Imagining ancient Rome
What did the ancient city of Rome look like? What was it like to walk through Rome’s streets? Did the ancient city resemble the Rome that we know today? For centuries, this set of questions occupied the attention of artists and scholars, ranging from engravers like Giovanni Battista Piranesi who produced “views” and a map of the ruined state of ancient Rome (above), to mapmakers like Giambattista Nolli whose famous map of the city was produced in the time of Pope Benedict XIV (1748), to archaeological plans like the Forma Urbis Romae produced by Rodolfo Lanciani at the end of the nineteenth century. One thing that Piranesi, Nolli, and Lanciani had in common was an awareness of the fragmentary remains of a much older depiction of the city’s layout, the so-called “Severan marble plan” that dates to the third century C.E.
The Severan marble plan of Rome (also known as the Forma Urbis Romae) was a carved plan of the city of Rome produced during the first decade of the third century C.E. and mounted on a wall of the Temple of Peace in Rome. Rendered at a scale of approximately 1 to 240, the Severan marble plan was engraved on 150 marble slabs and originally measured approximately 60 by 43 feet (18.1 by 13 meters). The orientation of the map itself would seem at odds with our twenty-first century north-oriented outlook—the Severan marble plan was oriented with south at the top. The plan is a detailed and intricate undertaking, with building layouts shown for the city of Rome—including temples, public buildings, public baths, houses, and the housing blocks (insulae) of the city. Interior details such as columns and staircases are also indicated, and some complexes—particularly notable public ones—are labeled.
Only fragments remain
After antiquity, the marble plan disappeared—the metal clamps that affixed it to the wall were likely robbed and the slabs simply collapsed to the ground. The first recorded rediscovery of the Severan marble plan was in 1562 when Giovanni Antonio Dosio excavated fragments near the sixth-century basilica church of Santi Cosma e Damiano. The basilica incorporates former architectural elements of the ancient Temple of Peace that had originally been built by the emperor Vespasian in the 70s C.E. The fragments were passed between multiple sixteenth-century collectors, but there was little interest in examining them closely at that time. But in 1741, the fragments became property of the city of Rome and were subsequently studied and drawn by scholars and artists, including Piranesi, and research continued throughout the nineteenth and twentieth centuries. Additional fragments were discovered in 1999 and others have appeared sporadically since then. In all only approximately 1,186 fragments of the original plan (only about 10-15%) are known to survive.

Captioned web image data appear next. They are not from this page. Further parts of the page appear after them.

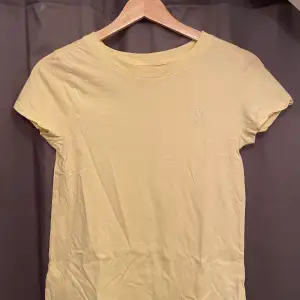 Super söt gul t-shirt från H&m. Med ett litet hjärt motiv🥰. Säljer det för att jag inte använder det längre. Haft på mig den en eller två gånger. Köpte den för 100kr så säljer för 50kr🥰🥰 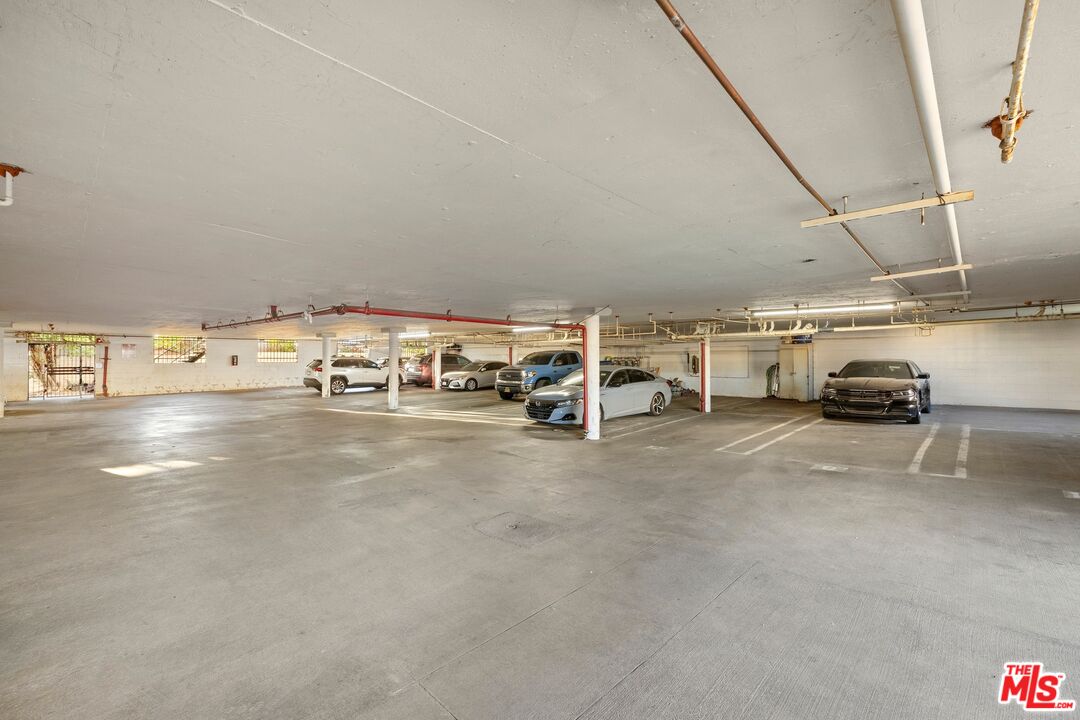 6819 Laurel Canyon Blvd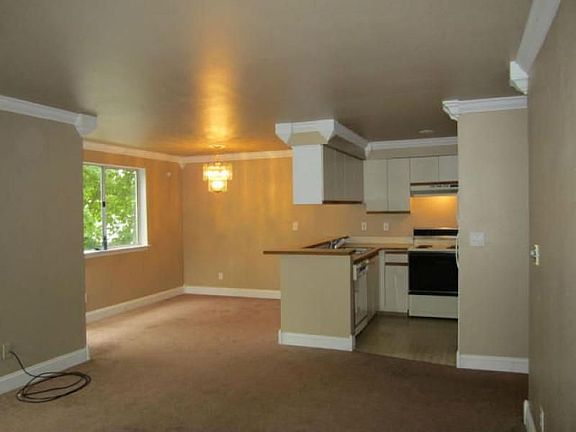 4th image of 12026 15th Ave NE APT 206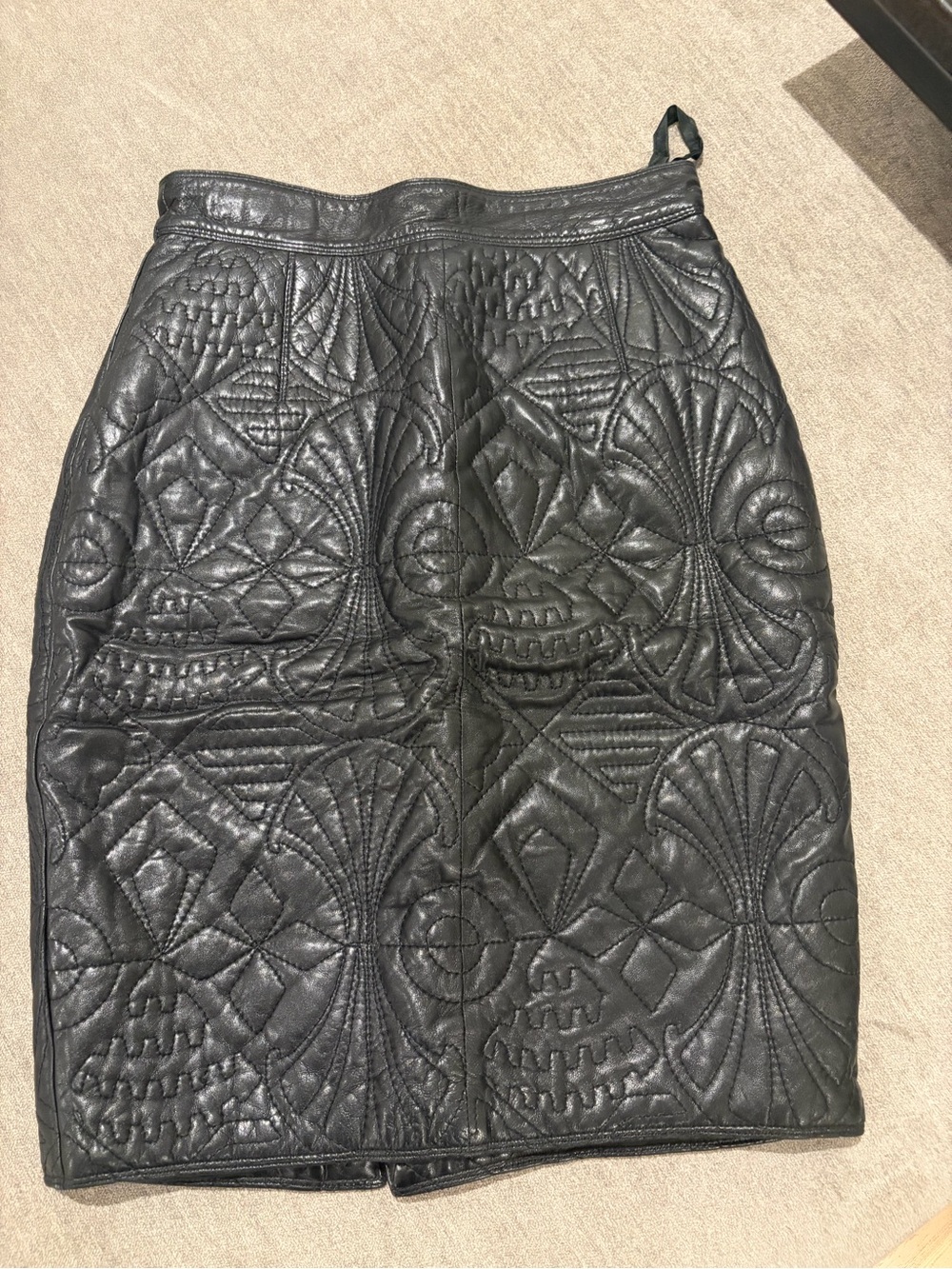 Vintage Gianni Versace Black Quilted Leather MIDI Pencil Skirt Size Small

The conjectural restoration of the fragments (above) suggests that the viewer would have been presented with an urban panorama in plan view, complete with miniscule details. What purpose the plan served, however, remains an open question for scholars. It is likely that the official offices for the government of the city of Rome during the imperial period occupied rooms next to the wall where the marble plan was hung, suggesting that it may have had an official, administrative function. Its scale and location, however, call it into question as a practical, useful object. The marble plan may have served a more representative function, placing it in line with painted and carved landscape views—both fantastical and realistic—known from other examples of Roman art.
Whatever its original use, the marble plan provokes and stimulates the imagination of the viewer: those who have studied the fragments have drawn enormous inspiration from this view of the city. The fragments influenced Lanciani’s creation of his own archaeological map of Rome (Forma Urbis Romae, 1893-1901), which in turn strongly influenced Italo Gismondi and his team as they designed and built the famous model of Rome (Plastico di Roma antica) first exhibited at Rome in 1937 (now in the Museo della Civiltà Romana, Rome). Gismondi’s model still strongly influences views of what ancient Rome looked like, revealing a continued interest in the question of how one might imagine the ancient city.